*** Begin section ***

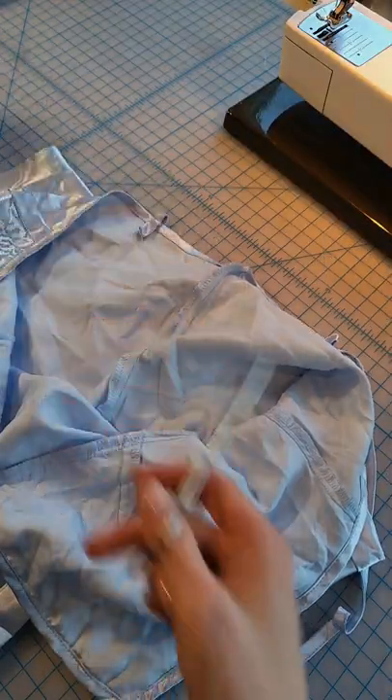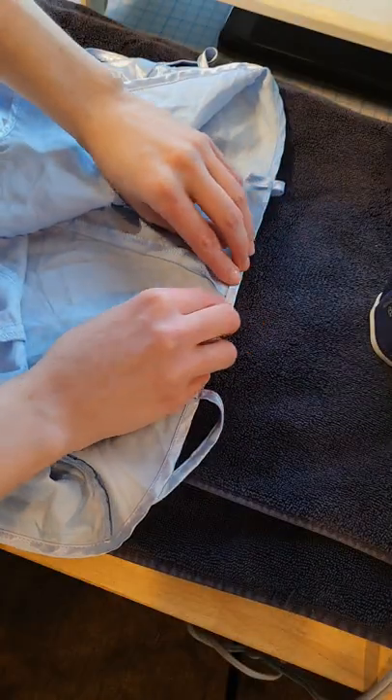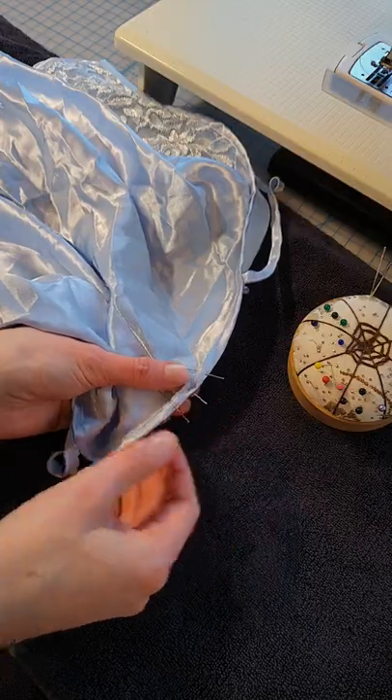I'm starting by trimming these loose threads and tying them in a knot so that they don't unravel any further. Since I'm working on this satin fabric that's really slippery, I'm going to iron a strong crease into it so that everything stays where I want it under the sewing machine, also pinning in place for good measure.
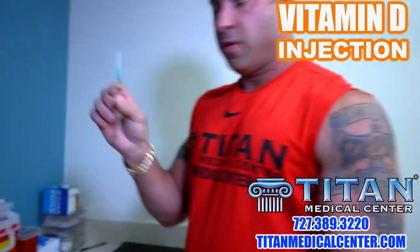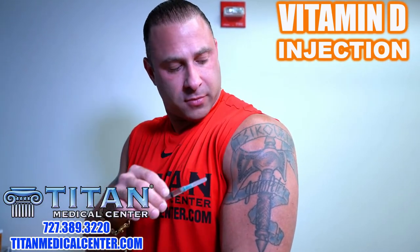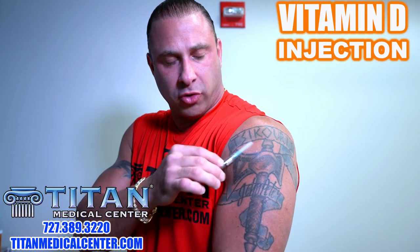Alright, vitamin D is ready to go. Now, where are we going to do the injection? Vitamin D is like any other injection — you can do it intramuscularly in any muscle. I'm going to hit right here in the shoulder, the center of the deltoid. The reason is that all the medication can disperse evenly through the muscle and get absorbed properly.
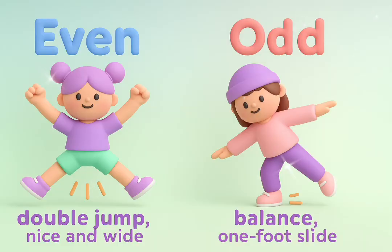Even equals double jump, nice and wide. Odd equals balance, one foot slide. Count and move, don't you drop. This is the even and odd hop.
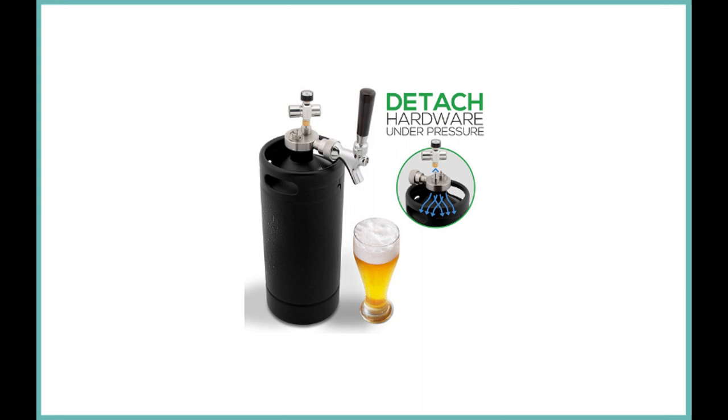The NutriChef PK-BR-TP110 Mini Keg looks like a mini keg at first glance, but look closer and you'll see a portable, affordable, single-tap under-counter kegerator with some amazing features. The all-aluminum cylinder is a powder-coated keg with two easy-grip handles. The entire kegerator weighs in at 4.6 pounds and stands a little over a foot and a half tall.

*** End section ***

▶ **What the task requires**
Write every line above out again exactly; pictures do not belong in the copy.

▶ **Written response**
I'm starting by trimming these loose threads and tying them in a knot so that they don't unravel any further. Since I'm working on this satin fabric that's really slippery, I'm going to iron a strong crease into it so that everything stays where I want it under the sewing machine, also pinning in place for good measure.
Alright, vitamin D is ready to go. Now, where are we going to do the injection? Vitamin D is like any other injection — you can do it intramuscularly in any muscle. I'm going to hit right here in the shoulder, the center of the deltoid. The reason is that all the medication can disperse evenly through the muscle and get absorbed properly.
Even equals double jump, nice and wide. Odd equals balance, one foot slide. Count and move, don't you drop. This is the even and odd hop.
The NutriChef PK-BR-TP110 Mini Keg looks like a mini keg at first glance, but look closer and you'll see a portable, affordable, single-tap under-counter kegerator with some amazing features. The all-aluminum cylinder is a powder-coated keg with two easy-grip handles. The entire kegerator weighs in at 4.6 pounds and stands a little over a foot and a half tall.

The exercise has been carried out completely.